**Problem description:** Write out exactly, with both ends included, the lines that run from the line containing "Thom Browne Pinstripe" to the end of the entries. Pictures are not part of the answer.
Segment Start: Stored data
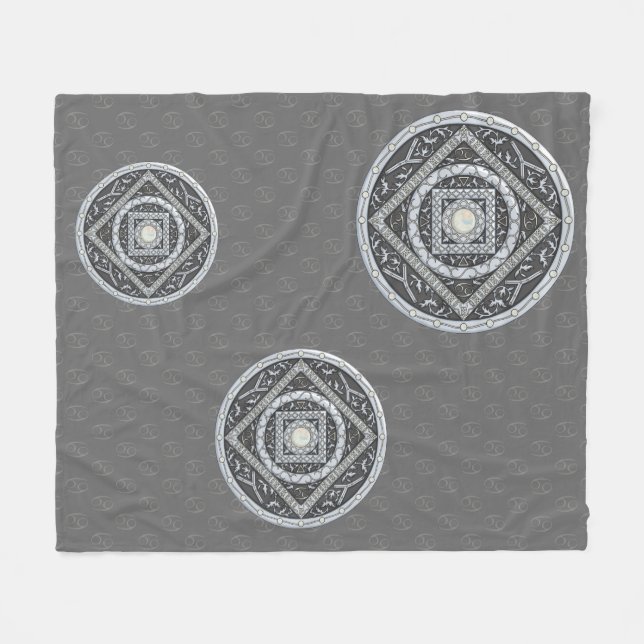 Manta Polar Cáncer Mandala Fleece Blanket (Frente (Horizontal))
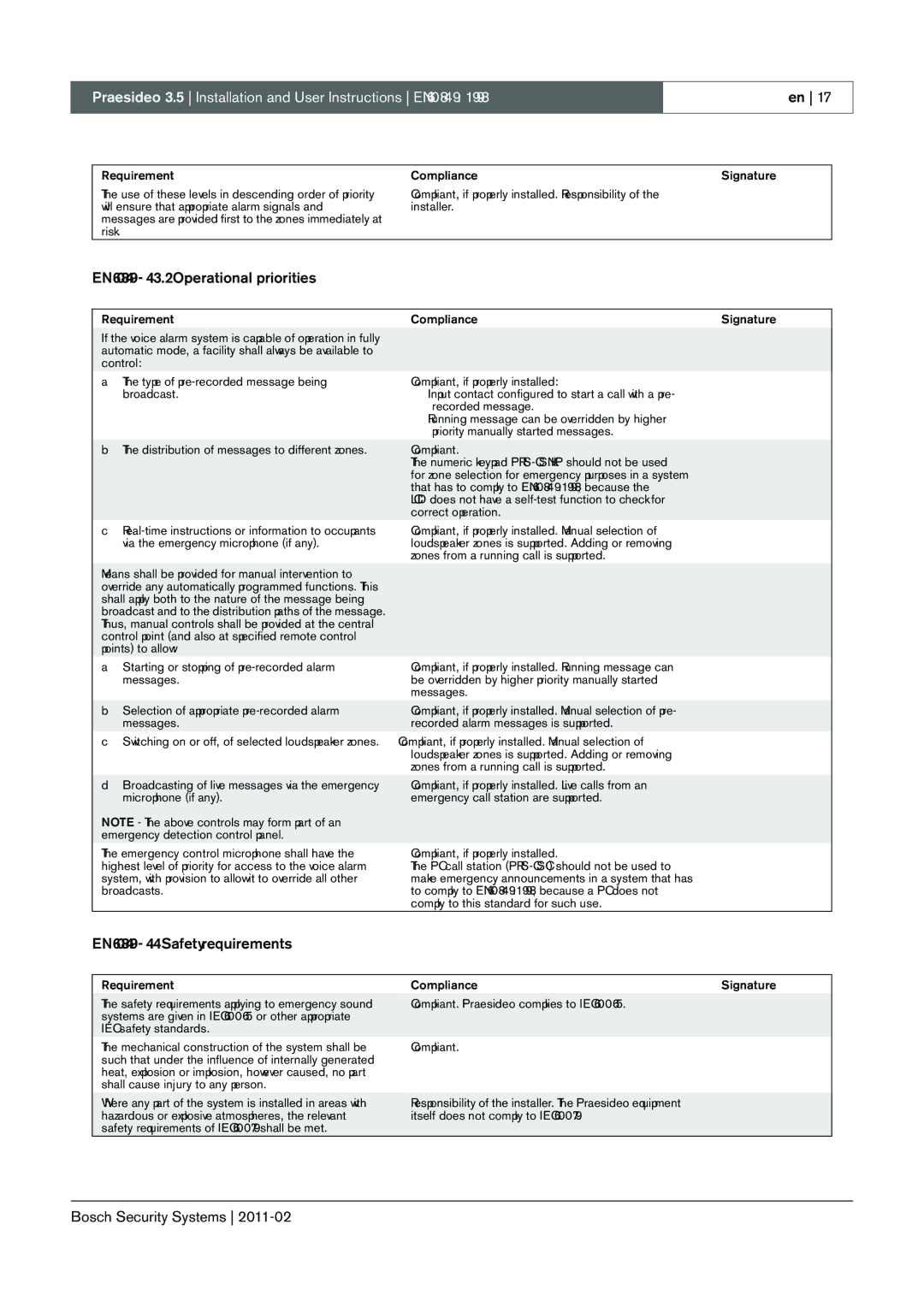 Bosch Appliances 3.5 manual EN60849 4.3.2 Operational priorities, EN60849 4.4 Safety requirements 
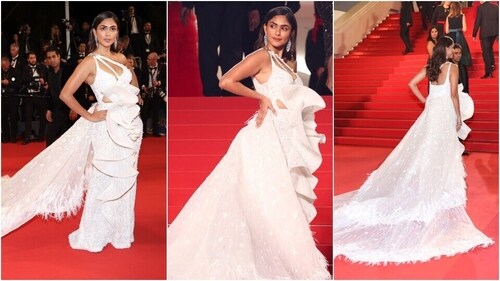 Mrunal Thakur makes her debut on the Cannes Film Festival red carpet. (Mrunal Thakur) Mrunal Thakur makes her debut on the Cannes Film Festival red carpet. (Mrunal Thakur)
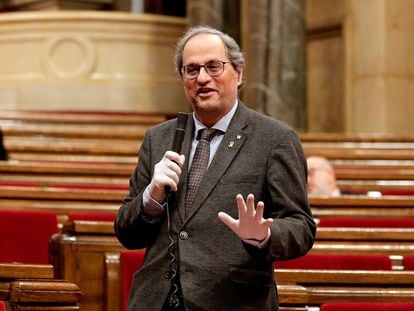 El presidente de la Generalitat, Quim Torra, durante una de sus intervenciones ante el pleno del Parlament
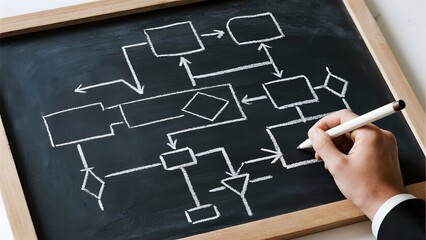 Hand drawing a flowchart on a chalkboard with various shapes and arrows.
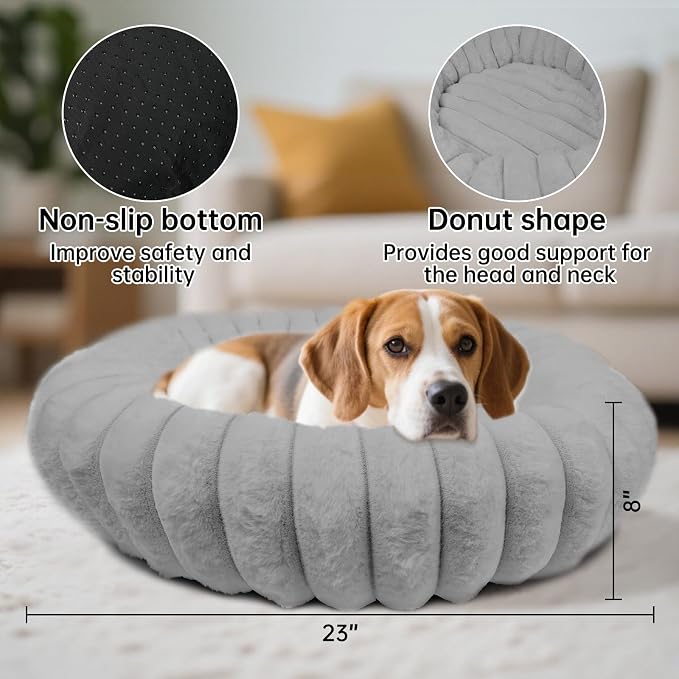 Donut Dog and Cat Bed, Luxurious Comfortable Faux Rabbit Fur Pet Beds, Round Anti-Anxiety Calming Puppy Kitten Bed with Anti-Slip Bottom for Small Medium Dogs & Cats(23", Grey)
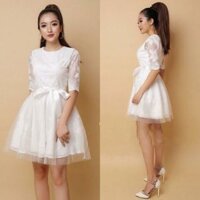 Đầm xoè tay lỡ thắt nơ eo
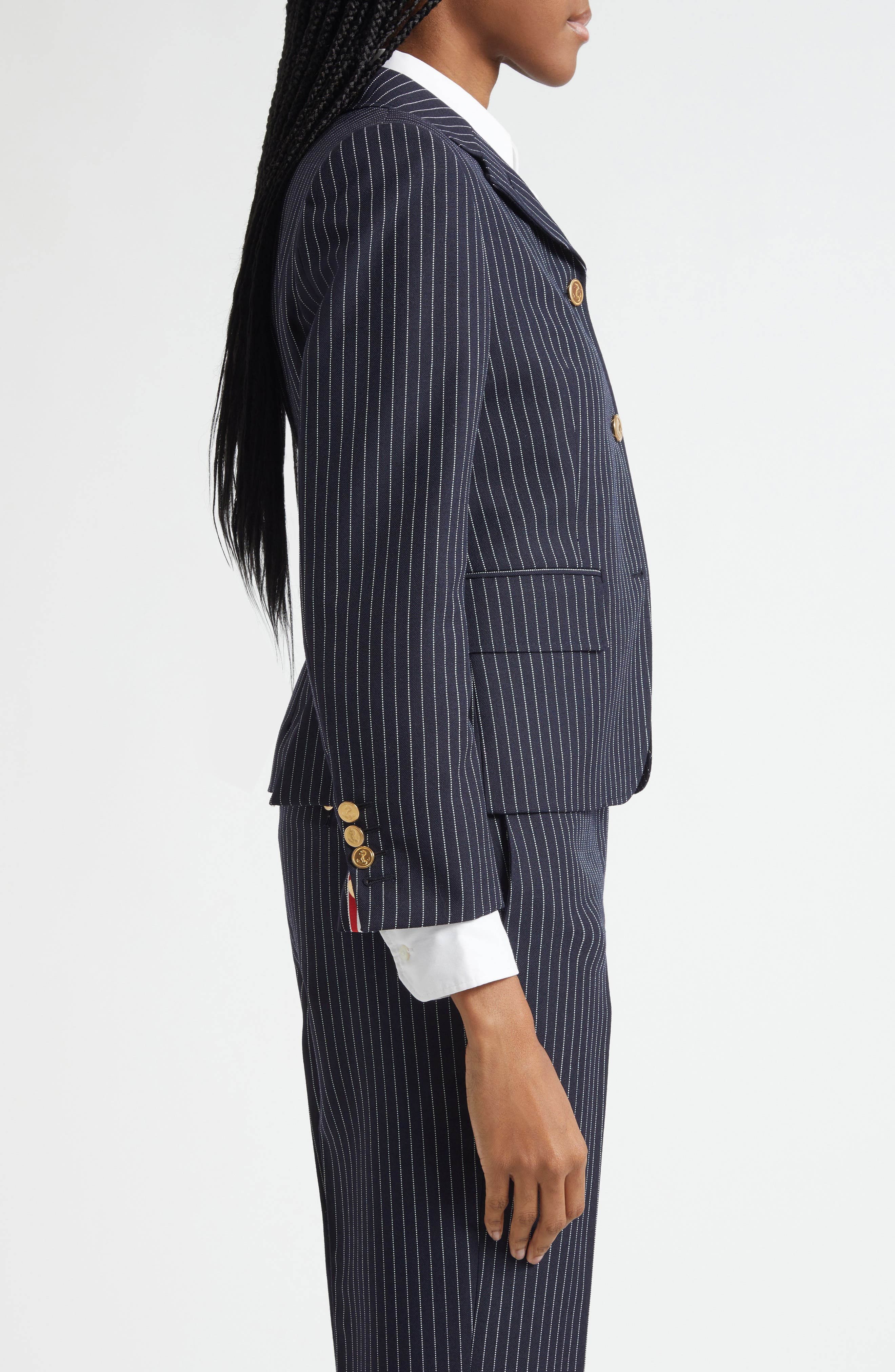 Thom Browne Pinstripe High Twist Wool Sport Coat in Navy at Nordstrom - 4
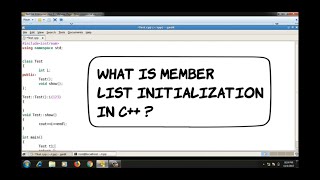 member list initialization | member initialization list | C++ Programming Details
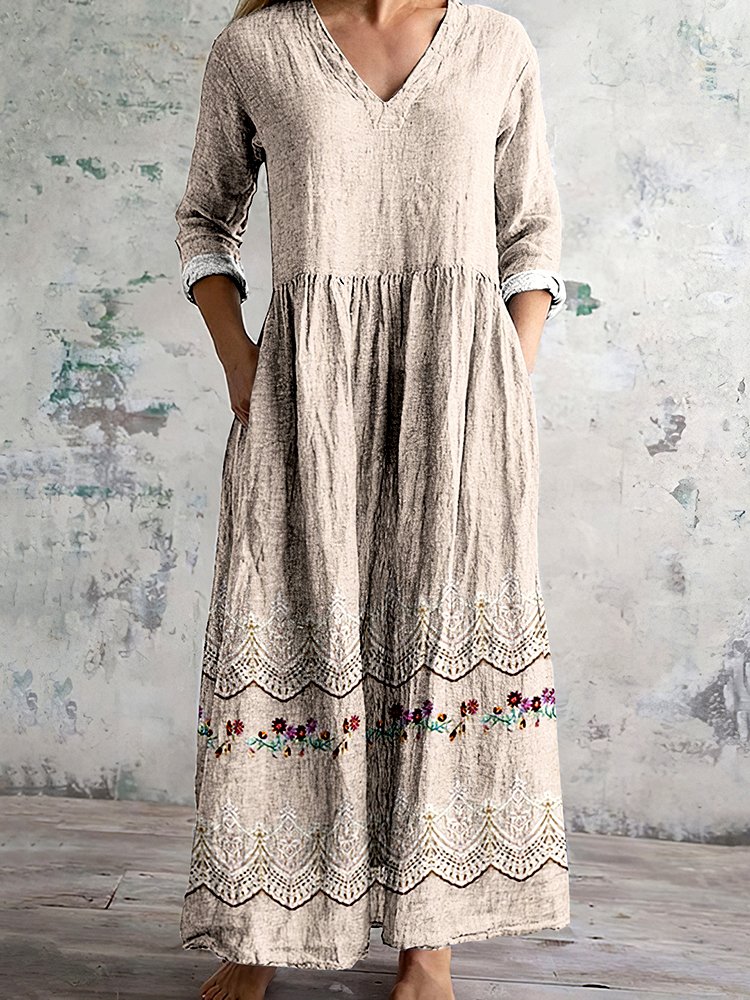 Damen Geblümt Langarm Frühling/Herbst Kleid V-Ausschnitt Täglich Lässig Maxikleid A-Linien-Kleid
Segment End: Stored data
**Exercise output:**
 Thom Browne Pinstripe High Twist Wool Sport Coat in Navy at Nordstrom - 4
 member list initialization | member initialization list | C++ Programming Details
 Damen Geblümt Langarm Frühling/Herbst Kleid V-Ausschnitt Täglich Lässig Maxikleid A-Linien-Kleid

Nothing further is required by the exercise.